The King's Gambit(43)
“Speaking of that unfortunate man,” I said, “how did he meet his end?”
Father’s eyebrows went up. “How should I know? You’re the one who was not home to receive the vigiles’ report. Go ask the captain. He’s here someplace.”
I hurried off to push my way among Father’s clients in search of the captain of the vigiles of my own ward. I found him sleepily downing some leftover cakes along with some elderly wine, heavily watered. I grasped his arm and whirled him to face me.
“What happened?” I demanded.
“Well, sir, you weren’t home and so I came here to the home of the praetor your father, just as you said for me to do, should you not be able to—”
“Splendid!” I all but shouted, drawing some strange looks from Father’s other clients. “You’ve remembered your duty admirably. Now, what happened last night?”
He began to tell me of the events of the night before. He had been stomping through the streets at the head of his bucket-bearing men when a hysterical slave ran up to him and begged him to come at once. An important man had been killed, by violence.
“How was Paulus killed?” I asked.
“Strangled, sir, with a bowstring garrote, it looked like. Just like that freed gladiator a few days ago, now that I think about it.”
“Say you so?” I commented. “What was the condition of his household?”
“Didn’t check. I posted a guard at the door and ordered that no one was to leave; then I ran to your house. From there I came here. It hasn’t been an hour since Paulus’s slave stopped me.”
I tried to think, a difficult process since I had not yet shaken off the effects of the previous night. What had Claudia slipped into the wine? I recalled the bitter undertaste now. It was just like a Claudian to adulterate one of the finest wines in existence. In an odd way, it was comforting to know that I had been drugged. It gave me an excuse for behaving like a demented satyr.
I returned to my father’s side. “Father, I must conduct an investigation at once. May I borrow your lictors? I have to get there before the officials show up. The slaves will have to be confined until the murderer is identified. There will be a terrible scramble to lay hands on Paulus’s wealth. I don’t believe he had a son.”
“Very well.” Father gestured and two lictors joined us. “I shall be there myself sometime today, as Urban Praetor. What a tangled mess this will be. It always is when one of these rich freedmen dies. No proper family to lay claim to his property. Had he a wife?”
“I shall find out,” I promised.
“Be off with you, then. Have a report ready for me when I arrive.”
As we left Father’s house, my clients trooping behind, I told one of the lictors, “Go to the Ludus of Statilius Taurus and summon the physician Asklepiodes.

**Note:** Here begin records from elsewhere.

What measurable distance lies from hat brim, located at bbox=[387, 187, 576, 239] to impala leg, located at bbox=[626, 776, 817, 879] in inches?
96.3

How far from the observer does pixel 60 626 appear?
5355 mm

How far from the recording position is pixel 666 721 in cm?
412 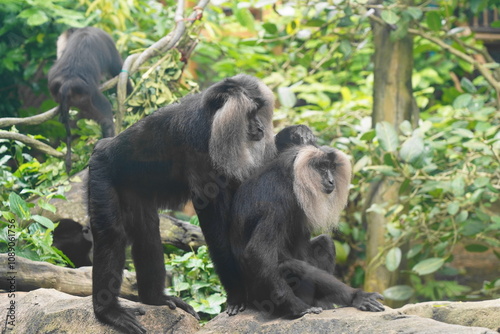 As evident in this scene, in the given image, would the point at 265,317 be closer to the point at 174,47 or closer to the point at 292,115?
the point at 174,47

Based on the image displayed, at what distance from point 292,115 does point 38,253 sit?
3.78 meters

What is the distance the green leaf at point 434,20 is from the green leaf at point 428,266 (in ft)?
7.18

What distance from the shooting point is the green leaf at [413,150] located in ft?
18.1

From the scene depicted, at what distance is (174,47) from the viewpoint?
6238 mm

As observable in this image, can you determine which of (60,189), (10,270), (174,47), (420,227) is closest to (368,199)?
(420,227)

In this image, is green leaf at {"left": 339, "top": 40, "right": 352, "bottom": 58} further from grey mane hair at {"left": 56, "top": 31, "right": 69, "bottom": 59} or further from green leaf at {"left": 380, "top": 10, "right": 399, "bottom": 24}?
grey mane hair at {"left": 56, "top": 31, "right": 69, "bottom": 59}

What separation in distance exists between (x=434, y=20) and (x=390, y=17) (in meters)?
0.54

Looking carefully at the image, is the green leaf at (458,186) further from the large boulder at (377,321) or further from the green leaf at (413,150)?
the large boulder at (377,321)

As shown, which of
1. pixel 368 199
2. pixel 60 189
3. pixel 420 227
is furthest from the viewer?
pixel 368 199

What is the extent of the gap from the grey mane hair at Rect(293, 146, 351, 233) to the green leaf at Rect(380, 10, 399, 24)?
8.11ft

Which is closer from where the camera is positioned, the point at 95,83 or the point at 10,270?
the point at 10,270

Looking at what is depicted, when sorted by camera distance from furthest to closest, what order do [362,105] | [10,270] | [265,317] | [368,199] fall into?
[362,105] < [368,199] < [10,270] < [265,317]

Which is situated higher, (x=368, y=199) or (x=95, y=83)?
(x=95, y=83)

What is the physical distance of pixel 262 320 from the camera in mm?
3596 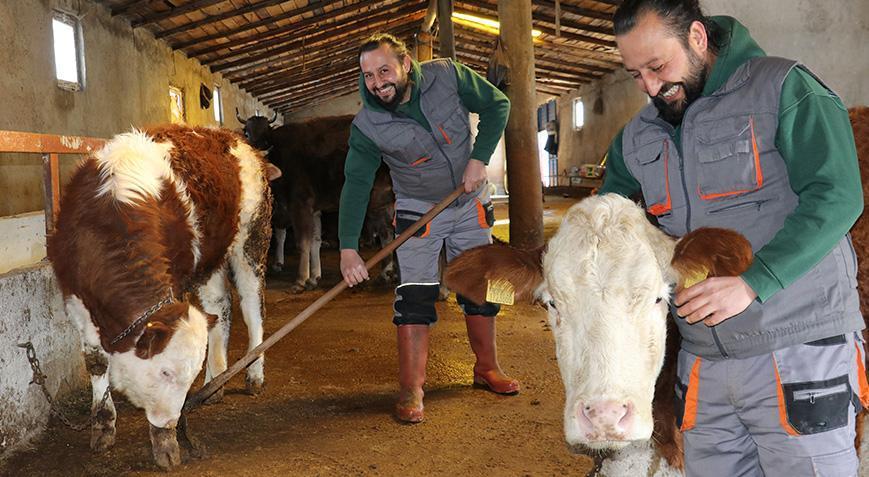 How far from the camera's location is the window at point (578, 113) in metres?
23.5

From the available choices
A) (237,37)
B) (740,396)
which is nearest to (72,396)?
(740,396)

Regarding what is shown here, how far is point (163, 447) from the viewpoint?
3.17 meters

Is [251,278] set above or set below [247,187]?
below

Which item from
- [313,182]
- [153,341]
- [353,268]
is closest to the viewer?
[153,341]

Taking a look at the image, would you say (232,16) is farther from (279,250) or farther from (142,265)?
(142,265)

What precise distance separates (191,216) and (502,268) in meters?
2.24

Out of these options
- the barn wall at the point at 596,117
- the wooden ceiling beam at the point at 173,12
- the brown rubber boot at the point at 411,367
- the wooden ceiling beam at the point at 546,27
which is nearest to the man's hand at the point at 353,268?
the brown rubber boot at the point at 411,367

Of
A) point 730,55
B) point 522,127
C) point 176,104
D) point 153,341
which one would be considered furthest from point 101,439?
point 176,104

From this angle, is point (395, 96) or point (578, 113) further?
point (578, 113)

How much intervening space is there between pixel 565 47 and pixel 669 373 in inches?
661

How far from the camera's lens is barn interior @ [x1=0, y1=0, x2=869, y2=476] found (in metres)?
3.35

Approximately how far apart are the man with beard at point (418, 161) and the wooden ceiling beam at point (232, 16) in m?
8.82

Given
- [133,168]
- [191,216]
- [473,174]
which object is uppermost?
[133,168]

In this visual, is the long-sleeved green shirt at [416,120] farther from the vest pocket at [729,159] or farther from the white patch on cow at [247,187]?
the vest pocket at [729,159] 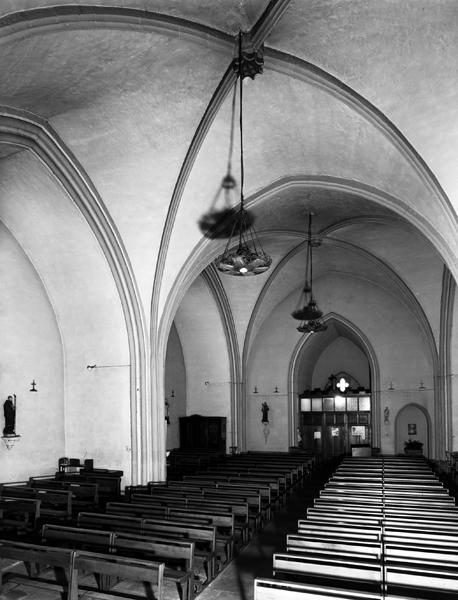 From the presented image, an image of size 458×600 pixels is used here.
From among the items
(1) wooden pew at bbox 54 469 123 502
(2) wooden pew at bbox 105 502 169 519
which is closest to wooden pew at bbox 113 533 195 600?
(2) wooden pew at bbox 105 502 169 519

Fetch him to the house of Sergius Paulus.” The man marched calmly away. It is useless to demand that lictors run. They are too conscious of their own dignity.
At least now I had something to distract my mind from my ringing head and heaving stomach. The news would be all over the city soon. Murder was not uncommon in Rome, but the murder of prominent men is always a matter for scandal. There had been a time, not so many years before, when no one would have blinked at this. During the proscriptions, Senators and equites had been slain in droves. Informers had been given a part of the seized property of a denounced traitor, so any rich man was at risk. But men have short memories and more recent years had been peaceful and prosperous. The murder of the richest freedman in Rome would occupy the conversation of idlers for days.
The vigile leaned against the doorpost of Paulus’s house, half-asleep, when we arrived. Blinking and yawning, he assured me that nobody had been past him since his captain had gone off in search of me. He stood aside and I passed through, along with my lictor and clients. I turned to Burrus, my old soldier.
“Check through every room. Find whether there are other exits or windows large enough for a man to crawl through.” He nodded and strode purposefully off. A fat, distressed-looking man came rushing up, bowing and sweating.
“Sir, I am so glad you have come. This is terrible, terrible. My master, Sergius, has been murdered.”
“So I’ve heard. “And you are … ?”
“Postumus, the majordomo, sir. Please come—”
I cut him off with a wave of the hand. “Assemble all the house slaves at once in the peristylium,” I ordered. “Has anyone left the house since the body was discovered?”
“Absolutely not, sir. And the household staff are already gathered, if you will come with me.”